Le célébrissime musicien, chef d’orchestre de la Fania All Stars, est décédé le 15 février 2021. Avec son label Fania, il fut un des grands prêtres de la salsa, et de son rayonnement dans le monde — et singulièrement en Afrique.
Le jeune Juan Azarios Pacheco, né en 1935 en République dominicaine, ne se doutait certainement pas qu’il deviendrait l’un des inventeurs de cette musique hybride qui allait révolutionner les musiques latines dont elle était une synthèse aussi géniale que moderne, la salsa. Débarqué à l’âge de onze ans à New York, élève de la Julliard School of Music, il fonde au tournant des années 60 l’orchestre Pacheco y su Charanga, dont il est le flûtiste et leader.
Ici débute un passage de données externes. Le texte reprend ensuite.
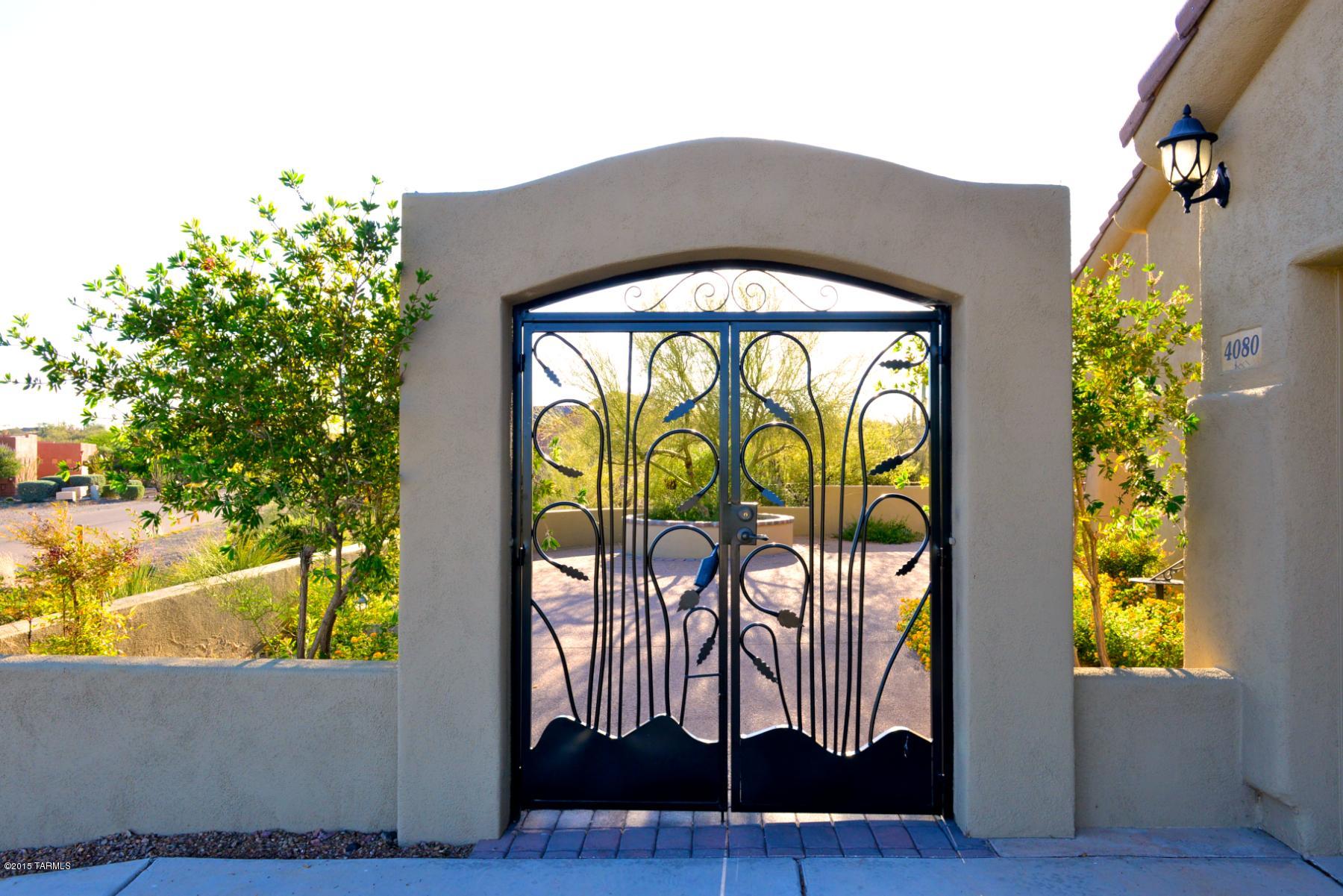 4080 W Bent Saguaro Court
Dans le creuset new-yorkais se croisent les diasporas de toute l’Amérique latine, qui – s’étant frottées à la soul et au funk des Afro-Américains, s’apprêtent à donner naissance à la salsa, un nouveau terme pour un nouveau genre dont le label Fania, que Pacheco fonde en 1964 avec Jerry Masucci, sera le fer de lance. C’est aussi, après le succès de « Soul Makossa » qui propulsa Manu Dibango sur la scène de l’Apollo Theater, que Pacheco décide d’embarquer le saxophoniste camerounais alors en pleine bourre pour une tournée avec la Fania All Stars, dont une partie a été publiée sur disque et dont il existe encore quelques images. Manu aimait d’ailleurs raconter pour expliquer son succès américain que si les Noirs-Américains étaient en quête de leurs racines africaines, il en allait de même pour les artistes du Spanish Harlem (un quartier de Manhattan devenu le fief des Portoricains et de la diaspora latino).
En Afrique, si les doyens du Trio Matamoros, Beny More et surtout l’Orquesta Aragon avaient bercé et même lancé en musique toute une génération d’artistes, ceux-là mêmes qui créeront les premiers grands orchestres dits « jazz » du tournant des indépendances, la « sauce » que proposaient Pacheco et sa bande : Ray Barretto, Willie Colon, Hector Lavoe, Celia Cruz… allait relancer l’engouement des musiques afro-latines sur le Continent. En réunissant des rythmes afro-cubains, les cuivres brillants des Portoricains, le groove funk et les voix soul, la salsa du label Fania et de son all-stars était une fusion parfaite des héritages de la diaspora atlantique. Et comme toute l’Afrique atlantique était fan de musique « afro-cubaine » autant que de James Brown, de Dakar à Kinshasa en passant par Bamako ou Abidjan, la salsa ne pouvait qu’y faire fureur.
Il suffit de revoir quelques extraits du fameux concert Zaïre 74, où la Fania était invitée, pour vérifier la folie que déclenchait cet orchestre devenu mythique, dont Pacheco était le cerveau, la flûte, mais aussi les pieds – car l’homme était grand danseur (de rumba, en particulier). Dans le film Soul Power (réalisation Jeff Levy-Hinte, 2008), on le voit diriger avec frénésie l’orchestre tandis que la « Gracia divina » Celia Cruz chante « Quimbara », mais aussi jammer dans l’avion qui mène les artistes au Zaïre ou encore, au marché de Kinshasa, se lancer dans une frénétique impro avec des percussionnistes congolais (autant d’instantanés musicaux qui figurent sur le disque Fania All Stars Live in Africa).
Son aura était telle qu’à Abidjan, où la Fania s’est produite, les chemises à col « pelle à tarte » portaient le nom de « Pacheco », rappelant le style qu’affectionnait le flûtiste.
À n’en pas douter, Johnny Pacheco était et restera une divinité du panthéon des musiciens chers au cœur et aux oreilles des Africains.